A related argument is that rational households would save rather than spend the additional income from fiscal transfers (in the knowledge that they would have to pay higher taxes in the future as a result) (Taylor, 2009). Household saving did indeed rise during the downturn, but it is difficult to tell whether this was due to forward looking consumers anticipating higher taxes, or, as appears more likely, consumers becoming more cautious during a period of heightened uncertainty and in the face of increased international evidence of the risks associated with high levels of gearing. With the benefit of hindsight, it is also evident that the earlier long-run downward trend in household saving was not sustainable. Indeed, the saving rate had started to recover even before the financial crisis (Stevens, 2011; Freestone et al., 2011).
Another view is that the impact of fiscal stimulus would be fully offset by an appreciation of the exchange rate, this being the standard result in mainstream macroeconomic models of a unilateral fiscal shock, in a world with perfect capital mobility (see, for example, Makin, 2009; Makin, 2010b, Valentine, 2011). Of course, rather than appreciate, the exchange rate fell sharply during the downturn. That said, many countries undertook fiscal stimulus at roughly the same time, presumably muting some of the exchange rate offset; and the assumption of perfect capital mobility is difficult to sustain in a global financial crisis. Part 2 of this paper suggests that factors other than the decline in the exchange rate played an important role in the significant contribution of net exports to GDP growth. While much of the reduction in imports during this period was due to a sharp fall in car imports, import penetration of cars actually increased. That is, it was not the exchange rate spilling domestic demand from foreign production to domestic production, at least for this sector of the economy (Morling and McDonald, 2011).

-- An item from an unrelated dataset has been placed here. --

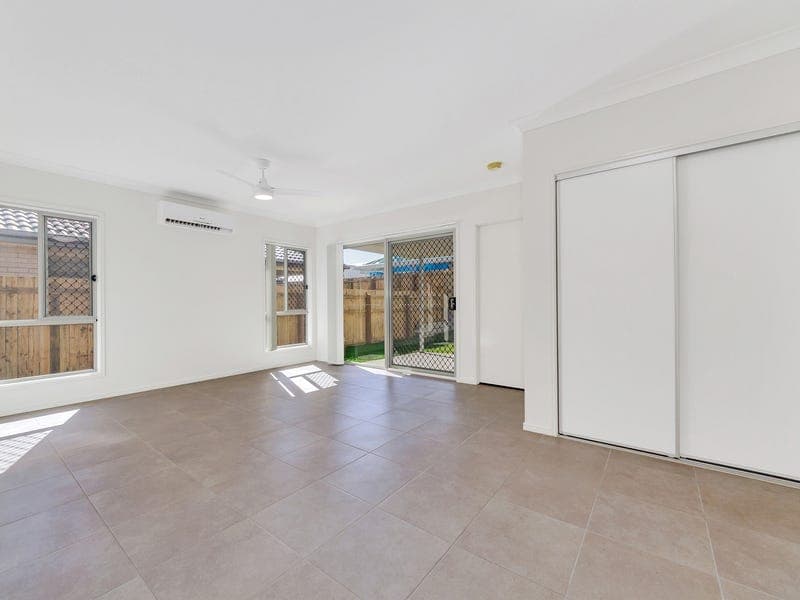 1/38 Rupert Crescent, MORAYFIELD  QLD  4506, Morayfield - Thumbnail 3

The muted impact of the exchange rate on the fiscal stimulus is not surprising. The (negative) impact of the exchange rate on fiscal multipliers is significantly greater with countries with larger trade shares (Ilzetski et al., 2009). As Australia has a relatively low trade share compared with other advanced economies, fiscal policy could be expected to be relatively more effective (Gruen, 2009b).There have been suggestions that, to the extent that fiscal stimulus was effective in adding to demand, this task could have been achieved at least as effectively and more efficiently by monetary policy (through lower interest rates). Standard estimates of the transmission lags of monetary policy imply that additional monetary stimulus alone could not have had an effect quickly enough to mitigate the need for a quick and substantial fiscal response. In addition, the potential transmission difficulties of monetary policy during a financial crisis suggest that the effect could have been smaller than standard estimates imply.
International financial institutions have strongly endorsed the effectiveness of Australia’s fiscal stimulus response to the GFC.
The IMF commended the ‘quick implementation of targeted and temporary fiscal stimulus’, considering that it provided a sizeable boost to domestic demand in 2009 and 2010 (IMF, 2009). IMF modelling suggested that stimulus would raise real GDP by 3 per cent in both 2009 and 2010 before dissipating in later years (Hunt, 2009).
Similarly, the OECD concluded that Australia’s fiscal stimulus package ‘was among the most effective in the OECD’ and not only ‘helped to avoid a recession as usually defined’ but also that it ‘had a pivotal role in boosting overall confidence’ (OECD, 2010). The OECD attribute the effectiveness of the stimulus to both the size of the measures and the speed with which it was introduced (OECD, 2010b).
Performance of major trading partners (including China)
While Australia’s major trading partners were affected by the global downturn, they recovered more quickly than the world economy as a whole (and advanced economies in particular) in the first half of 2009 (Chart 21). This was particularly evident in China. While official quarterly estimates of GDP are not published by Chinese authorities, Treasury estimates that growth fell from around 2 per cent in the September quarter 2008 to be broadly flat in the December quarter 2008, before rebounding in the March quarter 2009.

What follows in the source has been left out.